Ultra-wideband (UWB) radios are very popular for accurate indoor localization. Their main unique technology feature is the use of a large frequency band (≥500 MHz) that utilizes trains of pulses with very short duration (less than 1 ns). UWB radios are able to precisely differentiate between pulses that are reflected from different objects. As a result, this technology is very robust to multipath fading, which is crucial in challenging situations such as indoor localization. This timing resolution capability is used for accurate range measurements when UWB is deployed in a Real-Time Locating System (RTLS). Today UWB radio prices are dropping and as such, they are becoming more affordable to the broad market. This explains the great interest in the subject by the scientific community, resulting in a large quantity of recent scientific papers [1,2,3] focusing on UWB indoor localization solutions.

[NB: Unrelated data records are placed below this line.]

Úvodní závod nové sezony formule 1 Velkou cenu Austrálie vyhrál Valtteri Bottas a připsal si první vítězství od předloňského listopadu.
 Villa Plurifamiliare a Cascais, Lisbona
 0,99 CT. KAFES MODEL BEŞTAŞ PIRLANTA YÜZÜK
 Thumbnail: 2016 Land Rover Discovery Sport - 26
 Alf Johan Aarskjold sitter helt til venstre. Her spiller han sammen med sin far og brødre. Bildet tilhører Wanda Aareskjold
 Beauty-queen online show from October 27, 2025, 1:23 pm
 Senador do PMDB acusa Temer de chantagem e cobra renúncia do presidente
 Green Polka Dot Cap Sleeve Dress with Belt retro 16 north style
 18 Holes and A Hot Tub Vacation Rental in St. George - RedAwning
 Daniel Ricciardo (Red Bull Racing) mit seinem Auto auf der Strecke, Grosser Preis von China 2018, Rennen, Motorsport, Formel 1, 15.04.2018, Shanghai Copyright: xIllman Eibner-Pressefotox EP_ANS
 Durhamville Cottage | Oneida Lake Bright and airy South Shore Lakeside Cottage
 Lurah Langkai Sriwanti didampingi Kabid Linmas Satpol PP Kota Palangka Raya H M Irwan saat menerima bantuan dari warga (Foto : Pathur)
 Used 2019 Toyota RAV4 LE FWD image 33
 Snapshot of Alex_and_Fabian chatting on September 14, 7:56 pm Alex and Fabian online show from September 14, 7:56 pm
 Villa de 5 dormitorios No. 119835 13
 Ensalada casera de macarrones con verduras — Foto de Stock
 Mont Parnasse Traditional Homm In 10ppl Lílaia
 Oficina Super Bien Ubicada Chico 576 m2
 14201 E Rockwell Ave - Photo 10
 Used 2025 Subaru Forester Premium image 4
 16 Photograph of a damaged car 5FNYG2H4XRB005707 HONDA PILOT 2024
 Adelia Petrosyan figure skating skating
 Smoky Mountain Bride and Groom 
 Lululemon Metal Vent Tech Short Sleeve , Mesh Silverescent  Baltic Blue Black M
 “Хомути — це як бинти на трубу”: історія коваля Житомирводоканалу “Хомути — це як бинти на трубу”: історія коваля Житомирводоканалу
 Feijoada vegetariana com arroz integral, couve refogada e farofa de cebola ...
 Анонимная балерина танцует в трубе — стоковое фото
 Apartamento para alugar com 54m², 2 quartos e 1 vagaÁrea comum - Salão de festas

UWB has still some open issues prior to becoming a successful indoor localization choice. The standard imposes certain physical layer (PHY) guidelines such as transmitting power, which may impact the scalability of the system while making it robust against interference with other technologies. Although many scientific papers about UWB localization are available, most of these focus on improving the accuracy of the localization system, without considering scalability aspects. Current UWB localization solutions from scientific literature are typically designed for localizing at most tens of mobile devices (tags) and are evaluated in a small (office) environment or open space area. For example, studies in [2] and [4] demonstrate the high accuracies that can be obtained using UWB (respectively 11 cm and 3.25 mm without post processing), but they are limited to localizing one or two tags in a small area i.e., an office room. Some commercial solutions became recently available and they advertised high update rates but do not mention the conditions in which it is possible. To analyze the scalability of UWB, this paper provides a regulatory overview, an analysis of the impact of design choices (PHY, MAC and localization approach) that can be made for UWB system design and the mathematical framework to calculate the user density based on these choices. Furthermore, to validate the models, we applied them to realistic UWB deployment scenarios.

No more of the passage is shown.